John Cage und Antonin Artauds Theater der Grausamkeit

  • Florian Schreiner (Autor/in)

Abstract

Seit Anfang der 1950er Jahre gibt es im Werk von John Cage eine Inspiration, die ihn von Paris nach Darmstadt, nach Donaueschingen, nach North Carolina und zum Williams Mix führen wird: der Begründer des Theater der Grausamkeit Antonin Artaud. Artaud hatte 1935 für die Aufführung von Die Cenci eine quadrophone Installation entworfen, die den Zuschauer „ins Zentrum eines Netzes tönender Erschütterungen“ (Artaud) entrücken sollte.
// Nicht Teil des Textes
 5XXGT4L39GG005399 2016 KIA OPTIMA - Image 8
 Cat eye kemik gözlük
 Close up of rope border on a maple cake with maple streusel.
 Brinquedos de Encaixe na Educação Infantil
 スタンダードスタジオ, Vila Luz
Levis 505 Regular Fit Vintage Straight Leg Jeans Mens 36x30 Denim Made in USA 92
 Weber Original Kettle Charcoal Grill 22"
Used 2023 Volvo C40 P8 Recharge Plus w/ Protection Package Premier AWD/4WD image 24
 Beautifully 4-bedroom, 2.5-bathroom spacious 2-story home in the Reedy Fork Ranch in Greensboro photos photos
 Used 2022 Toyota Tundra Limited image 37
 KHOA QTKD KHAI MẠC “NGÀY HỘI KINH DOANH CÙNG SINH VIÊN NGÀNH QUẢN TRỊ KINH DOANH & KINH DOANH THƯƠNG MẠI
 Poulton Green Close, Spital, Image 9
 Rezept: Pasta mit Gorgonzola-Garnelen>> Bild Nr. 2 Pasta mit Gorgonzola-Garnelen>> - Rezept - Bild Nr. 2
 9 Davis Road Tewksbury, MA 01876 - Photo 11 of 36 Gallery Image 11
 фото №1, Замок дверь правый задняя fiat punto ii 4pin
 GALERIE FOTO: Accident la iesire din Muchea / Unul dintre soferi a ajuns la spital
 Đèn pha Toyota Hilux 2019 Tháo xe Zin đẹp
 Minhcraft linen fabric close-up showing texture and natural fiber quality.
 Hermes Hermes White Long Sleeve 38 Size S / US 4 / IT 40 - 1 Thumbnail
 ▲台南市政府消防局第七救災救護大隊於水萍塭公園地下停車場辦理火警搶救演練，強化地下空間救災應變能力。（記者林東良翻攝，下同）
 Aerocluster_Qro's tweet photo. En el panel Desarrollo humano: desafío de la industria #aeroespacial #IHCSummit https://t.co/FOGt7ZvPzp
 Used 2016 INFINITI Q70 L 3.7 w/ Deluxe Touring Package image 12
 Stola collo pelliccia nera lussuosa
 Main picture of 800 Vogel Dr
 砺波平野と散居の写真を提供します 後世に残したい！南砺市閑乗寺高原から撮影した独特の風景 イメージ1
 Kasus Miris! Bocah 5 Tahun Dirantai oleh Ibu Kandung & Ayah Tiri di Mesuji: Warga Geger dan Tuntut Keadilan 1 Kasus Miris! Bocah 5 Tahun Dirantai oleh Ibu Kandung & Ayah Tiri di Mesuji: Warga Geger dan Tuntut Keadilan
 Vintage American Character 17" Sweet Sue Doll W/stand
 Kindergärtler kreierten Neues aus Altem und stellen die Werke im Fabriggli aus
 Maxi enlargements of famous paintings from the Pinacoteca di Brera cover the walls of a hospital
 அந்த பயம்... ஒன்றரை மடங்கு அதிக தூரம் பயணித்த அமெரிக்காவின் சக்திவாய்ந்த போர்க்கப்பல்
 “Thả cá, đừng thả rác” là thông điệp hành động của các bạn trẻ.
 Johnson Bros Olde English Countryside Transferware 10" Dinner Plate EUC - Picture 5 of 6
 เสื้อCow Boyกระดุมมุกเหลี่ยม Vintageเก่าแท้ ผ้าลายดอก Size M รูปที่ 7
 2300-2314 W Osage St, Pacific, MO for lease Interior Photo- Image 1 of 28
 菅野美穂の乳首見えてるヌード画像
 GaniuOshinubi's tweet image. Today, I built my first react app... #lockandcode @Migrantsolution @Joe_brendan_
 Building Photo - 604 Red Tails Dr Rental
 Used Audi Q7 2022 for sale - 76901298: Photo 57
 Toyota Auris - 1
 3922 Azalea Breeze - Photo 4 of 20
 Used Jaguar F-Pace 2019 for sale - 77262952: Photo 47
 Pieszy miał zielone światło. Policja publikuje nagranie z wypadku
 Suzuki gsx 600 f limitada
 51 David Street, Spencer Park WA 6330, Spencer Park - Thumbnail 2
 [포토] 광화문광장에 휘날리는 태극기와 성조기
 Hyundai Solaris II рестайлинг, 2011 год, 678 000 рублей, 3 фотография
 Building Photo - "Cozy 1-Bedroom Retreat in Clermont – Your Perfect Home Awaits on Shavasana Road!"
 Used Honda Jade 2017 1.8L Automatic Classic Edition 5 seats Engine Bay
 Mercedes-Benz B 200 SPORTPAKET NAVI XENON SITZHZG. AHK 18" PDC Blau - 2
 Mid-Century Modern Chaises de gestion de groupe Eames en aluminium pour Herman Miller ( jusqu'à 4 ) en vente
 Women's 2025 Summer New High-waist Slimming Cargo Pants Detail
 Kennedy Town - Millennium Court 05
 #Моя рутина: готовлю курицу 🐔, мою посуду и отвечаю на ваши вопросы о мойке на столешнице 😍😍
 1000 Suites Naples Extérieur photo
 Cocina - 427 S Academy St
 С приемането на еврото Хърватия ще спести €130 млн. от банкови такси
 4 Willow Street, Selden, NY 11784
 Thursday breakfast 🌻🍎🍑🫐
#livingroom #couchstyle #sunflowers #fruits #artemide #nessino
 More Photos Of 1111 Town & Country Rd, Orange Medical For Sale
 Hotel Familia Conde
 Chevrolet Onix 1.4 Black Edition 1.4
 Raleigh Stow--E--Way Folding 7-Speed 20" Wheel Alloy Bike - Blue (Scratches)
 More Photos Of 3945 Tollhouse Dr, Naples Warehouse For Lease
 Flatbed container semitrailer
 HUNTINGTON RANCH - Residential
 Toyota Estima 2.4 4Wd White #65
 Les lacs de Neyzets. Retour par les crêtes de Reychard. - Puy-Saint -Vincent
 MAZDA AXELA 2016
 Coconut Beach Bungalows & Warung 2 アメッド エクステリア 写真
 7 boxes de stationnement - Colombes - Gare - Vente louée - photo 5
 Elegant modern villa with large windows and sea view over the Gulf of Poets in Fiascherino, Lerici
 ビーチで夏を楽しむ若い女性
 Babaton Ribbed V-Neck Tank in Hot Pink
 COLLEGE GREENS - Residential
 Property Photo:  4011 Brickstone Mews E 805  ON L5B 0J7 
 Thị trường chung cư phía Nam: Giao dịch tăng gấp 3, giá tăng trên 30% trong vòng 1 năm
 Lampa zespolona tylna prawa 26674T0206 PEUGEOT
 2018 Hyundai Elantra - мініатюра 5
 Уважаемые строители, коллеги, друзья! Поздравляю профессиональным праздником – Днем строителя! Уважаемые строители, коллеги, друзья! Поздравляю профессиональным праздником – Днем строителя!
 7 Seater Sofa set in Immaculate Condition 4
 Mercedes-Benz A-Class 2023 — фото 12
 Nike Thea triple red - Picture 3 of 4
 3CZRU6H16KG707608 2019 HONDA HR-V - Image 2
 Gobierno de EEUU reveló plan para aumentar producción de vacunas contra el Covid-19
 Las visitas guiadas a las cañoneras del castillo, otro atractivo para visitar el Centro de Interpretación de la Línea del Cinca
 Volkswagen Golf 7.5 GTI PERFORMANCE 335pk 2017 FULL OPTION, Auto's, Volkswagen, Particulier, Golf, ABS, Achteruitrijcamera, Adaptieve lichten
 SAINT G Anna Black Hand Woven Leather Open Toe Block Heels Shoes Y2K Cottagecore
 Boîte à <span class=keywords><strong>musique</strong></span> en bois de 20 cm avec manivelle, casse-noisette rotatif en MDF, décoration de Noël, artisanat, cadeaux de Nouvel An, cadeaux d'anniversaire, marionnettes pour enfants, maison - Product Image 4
Vier zehn Meter hohe Lautsprecher waren in den vier Himmelsrichtungen des Saals verteilt und brachten mit Glocken- und Metronomschlägen, Schrittgeräuschen, Stimmen und Schreien ein Geläut der Stille zum Erklingen, das dem technischen Horizont seiner Zeit entsprechend auf Schallplatte aufgezeichnet worden war, und deren Reproduktion nun einer strengen Geräuschpartitur folgte. 1952 greift Cage das Konzept der Grausamkeit, die nichts anderes bedeutet als mit dem Geräusch des Lebens Ernst oder mit der Andacht der Stille Schluß zu machen, wieder auf, inszeniert das erste Happening am Black Mountain College und: Williams Mix. Der Mix ist eine octophone Magnetbandkomposition. Acht Spuren werden einzeln gefertigt, in Muster geschnitten und montiert, bis das Medium völlig erschöpft ist. Und weil er die Sensibilität des Zuschauers von allen Seiten angehen möchte, propagiert Artaud ein Schauspiel, das sich dreht und seine akustische Pracht über die ganze Masse der Zuschauer ausgießt, anstatt aus Bühne und Parkett zwei abgeschlossene Welten ohne eine Möglichkeit zur Kommunikation zu machen. Ein oder zwei Lautsprecher heißt die Bühne restaurieren, vier sind schon ein guter Wirbel, doch von kreuz und quer und rund herum laufenden Geräuschen eingekreist zu werden ist eine außergewöhnliche Erfahrung. Auch zur Sonic Arts Lounge der MaerzMusik 2012 im Berliner Club Berghain war die Luft zwischen den 8 Lautsprechern so belebt, dass man ein Teil von ihr wurde. Nur kommt man mit kreisenden Bewegungen selten sicher ans Ziel. Eher münden sie in den Schwindel, der eine Störung ist. Und diese hat bei Cage durchaus Methode.